Chicago Business Heads Take Hands-On Approach to Reform
A Chicago businessman has set in motion a scheme to test whether academic reforms, coupled with management techniques drawn from the corporate world, can improve the education of inner-city students.
The vehicle for his experiment is a private--but tuition-free--elementary school soon to open in a low-income neighborhood on Chicago's West Side. If Joe Kellerman has his way, the school will eventually become a demonstration of educational excellence.
Mr. Kellerman, a multi-millionaire glass manufacturer and leading Chicago philanthropist, has persuaded a group of 15 corporate leaders, including the heads of Sears, Roebuck & Company, McDonald's, and the Quaker Oats Corporation, to fund the school, which is scheduled to open in the North Lawndale area of the city next March.
The corporate sponsors have thus far pledged nearly $2 million of the estimated $3 million that will be necessary to underwrite the school's first three years. The building that will house the school has been made available by the Archdiocese of Chicago; local construction firms have offered to assist in its renovation.
"Our public schools simply aren't working for too many young people today," Mr. Kellerman said in announcing plans for the school. "This model school can be a force for critical change."
The idea, according to Mr. Kellerman and other organizers, is to prod public-school systems into making changes by proving that reforms, such as merit pay for teachers, increased parental involvement, and stricter accountability, can be made to work.
When the school reaches its full enrollment five years from now, its organizers say, it will serve 300 students from prekindergarten through the 8th grade, offer a variety of social services to local families, and be a center for teacher training.
Of even greater importance, Mr. Kellerman and other supporters say, is that the school will provide a platform for fostering change at the national level. Eventually, they add, the project could include a national policy center that would seek a high-visibility role in the on-going debate over education reform.
Organizers say they also hope to open additional schools in other cities where the problems of urban life pose difficult challenges for public education.
Comparable to Public Schools
A crucial element of the plan, according to Primus Mootry, one of the school's planners, is to ensure that the Chicago school is comparable to those in the city's public-education system, in terms of both the students that it serves and the resources available to it.
Mr. Mootry is the executive director of the Better Boys Foundation, a civic group that has been active in the North Lawndale area for a number of years.
"What we are building is a school that embodies many of the key principles that educators on the national level agree must be incorporated into American education," Mr. Mootry said. "We want to show that it can be done with the resources at hand."
The parents of students ranel15ldomly chosen from the area's public schools will be offered the option of enrolling their children in the new school. Its staff will be hired largely from within the community, and per-pupil costs will be kept at the same level as in the city's public system.
Another of the school's key goals, Mr. Mootry said, will be to demonstrate how the use of management strategies developed in the business world can be transferred to education, reducing costs and improving services.
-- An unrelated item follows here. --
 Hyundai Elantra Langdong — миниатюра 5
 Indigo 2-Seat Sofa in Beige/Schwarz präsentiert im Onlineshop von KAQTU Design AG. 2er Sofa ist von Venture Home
School organizers are now in the process of hiring a principal and selecting the school's first 120 students, he said.
Impressive List of Supporters
To date, the school's organizers have managed to recruit an impressive list of supporters, including Mayor Harold Washington; the Rev. Theodore Hesburgh, former president of Notre Dame University; Marva Collins, the widely known director of the West Side Preparatory School; and both of Illinois's U.S. senators.
More problematic, at least for now, is the project's relationship with Chicago school authorities and the city's powerful teachers' union.
Plans for the school do not envision a system of collective bargaining for teachers. According to a paper prepared by school organizers, faculty members will be employed on one-year individual contracts.
While the organizers say they intend to "make every effort to establish working relationships with the Chicago Board of Education at every level," they have received no offer of support, according to Mr. Mootry.
A school-board spokesman would only say that officials there would be "watching the school with interest."
The Chicago Federation of Teachers, currently embroiled in a bitter strike, has also largely ignored the project. School organizers, however, have discussed their plans with Albert Shanker, president of the American Federation of Teachers, Mr. Mootry said.
"We are interested in learning how it develops, but there has been no formal endorsement," an aft spokesman said.